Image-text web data
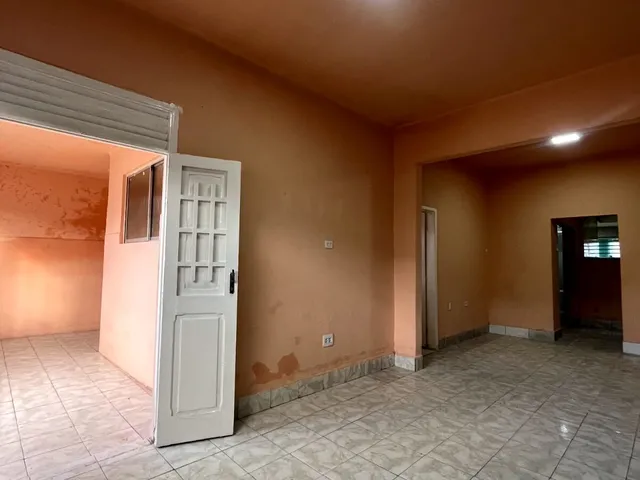 Imagem 16: Aluga-Se Casa Ampla com 3 Quartos e Excelente Estrutura
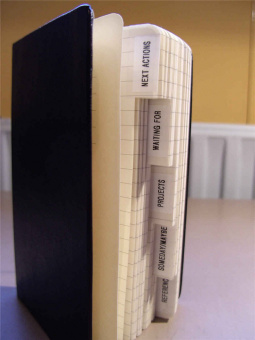 картинка Записная книжка Moleskine Classic (с разделителями), Pocket (9х14см), черная от магазина Молескинов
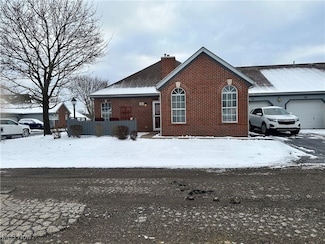 64 W 7th St, Dresden, OH 43821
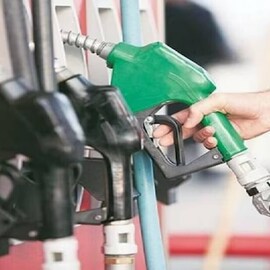 Petrol price | 50 രൂപ കൊടുത്ത് ഒരു ലിറ്റർ പെട്രോൾ അടിക്കാൻ പോയ കാലം ഓർമ്മയുണ്ടോ? Petrol price | 50 രൂപ കൊടുത്ത് ഒരു ലിറ്റർ പെട്രോൾ അടിക്കാൻ പോയ കാലം ഓർമ്മയുണ്ടോ?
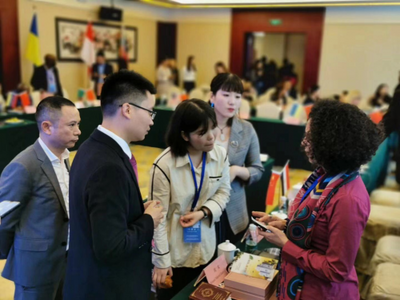 十一個(gè)一帶一路國家商務(wù)考察團(tuán)來訪成都咪貝科技公司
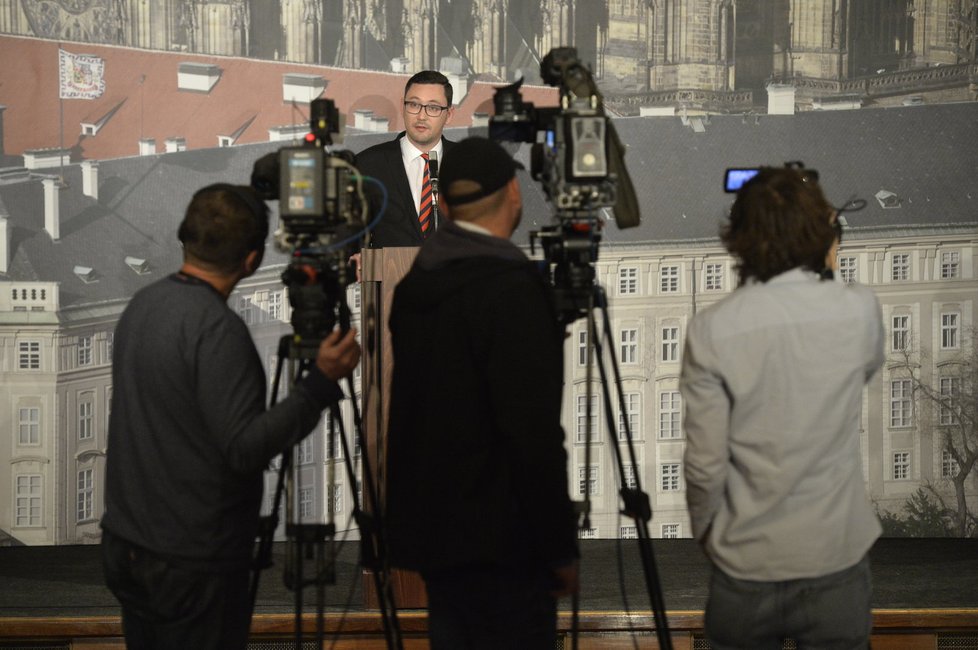 Tisková konference hradního mluvčího Jiřího Ovčáčka se poprvé konala v kinosále Pražského hradu, který byl ještě před několika týdny skladištěm.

• [Work to complete]: Transcribe each entry above character for character, omitting pictures.

• [Answer section]:
 Imagem 16: Aluga-Se Casa Ampla com 3 Quartos e Excelente Estrutura
 картинка Записная книжка Moleskine Classic (с разделителями), Pocket (9х14см), черная от магазина Молескинов
 64 W 7th St, Dresden, OH 43821
 Petrol price | 50 രൂപ കൊടുത്ത് ഒരു ലിറ്റർ പെട്രോൾ അടിക്കാൻ പോയ കാലം ഓർമ്മയുണ്ടോ? Petrol price | 50 രൂപ കൊടുത്ത് ഒരു ലിറ്റർ പെട്രോൾ അടിക്കാൻ പോയ കാലം ഓർമ്മയുണ്ടോ?
 十一個(gè)一帶一路國家商務(wù)考察團(tuán)來訪成都咪貝科技公司
 Tisková konference hradního mluvčího Jiřího Ovčáčka se poprvé konala v kinosále Pražského hradu, který byl ještě před několika týdny skladištěm.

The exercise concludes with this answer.